The answer is the line with "-藏猫猫咖啡主题馆(中央大道店)" and every line after it to the end of the listing, retyped exactly. Pictures do not belong in it.
-- Entries supplied follows --
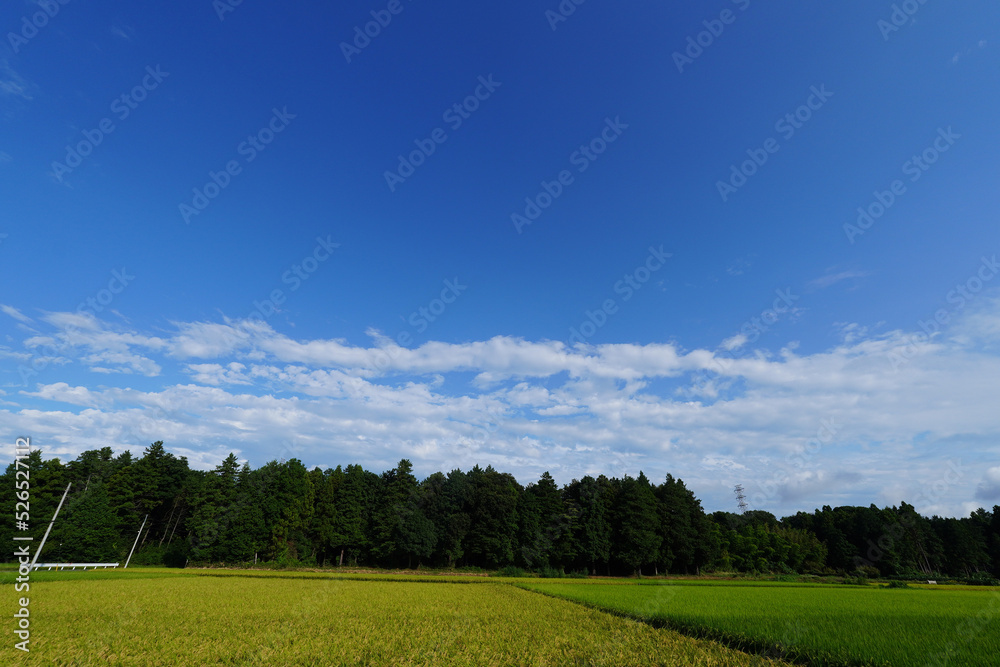 稲刈り間近/青空/雲/田(田んぼ)1 稲刈り間近/青空/雲/田(田んぼ)1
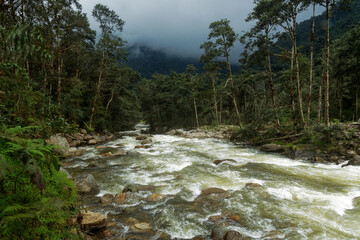 Ecuador - Papallacta Rio Quijos, powerfull river in South America, wild water stream from Ands to Amazonian lowland or plain, landscape from the rainforest - 631884478
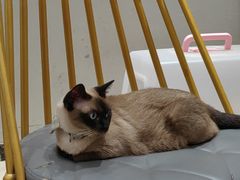 -藏猫猫咖啡主题馆(中央大道店)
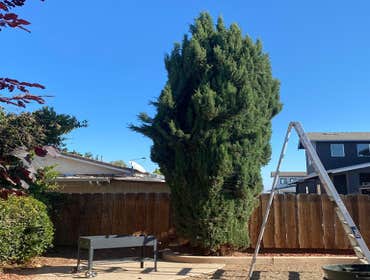 Photos by Jose Marin Tree Service #4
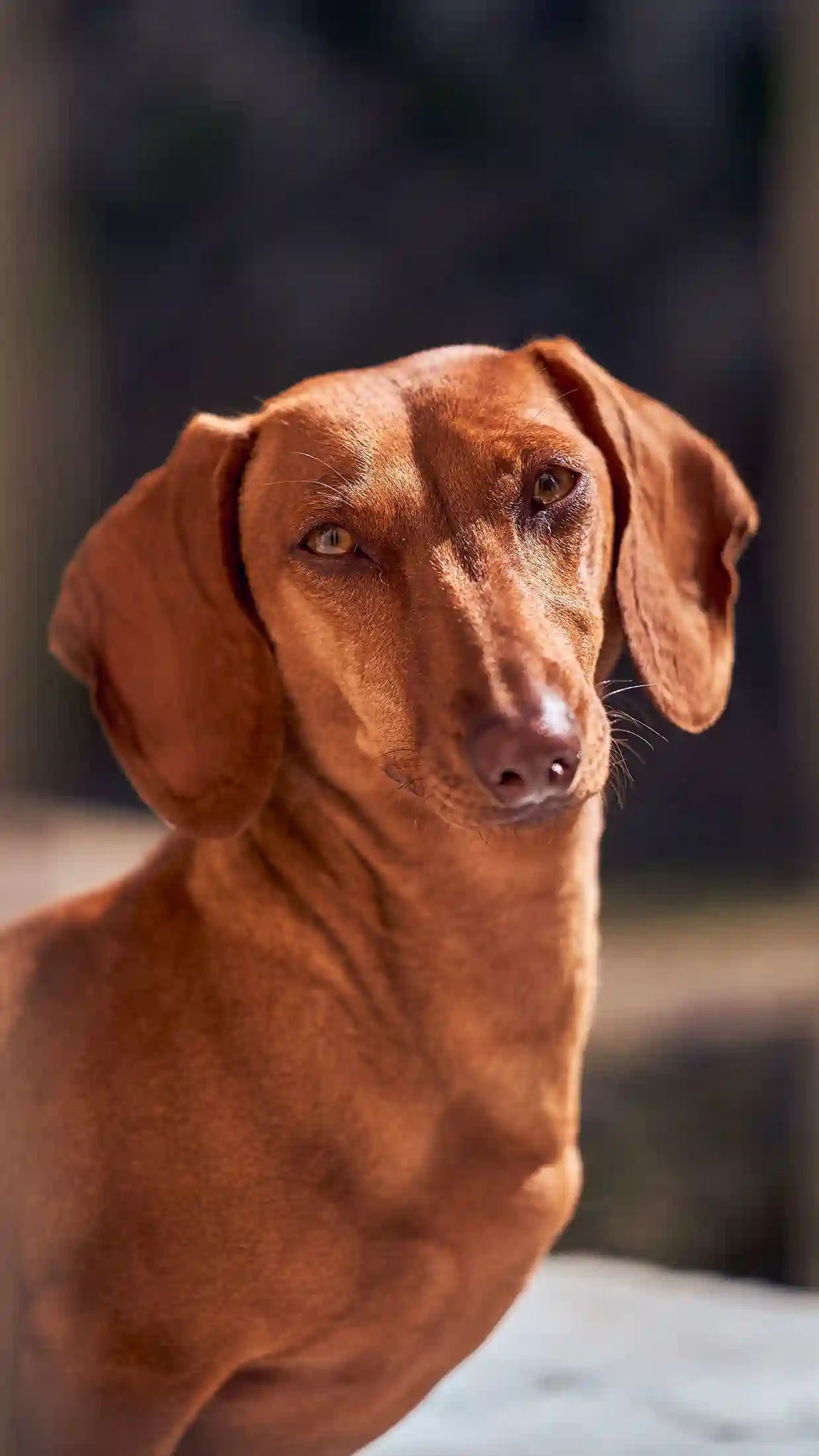 Mon chien a le ventre gonflé après avoir mangé : est-ce dangereux Image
-- Entries supplied concluded --
Written response
 -藏猫猫咖啡主题馆(中央大道店)
 Photos by Jose Marin Tree Service #4
 Mon chien a le ventre gonflé après avoir mangé : est-ce dangereux Image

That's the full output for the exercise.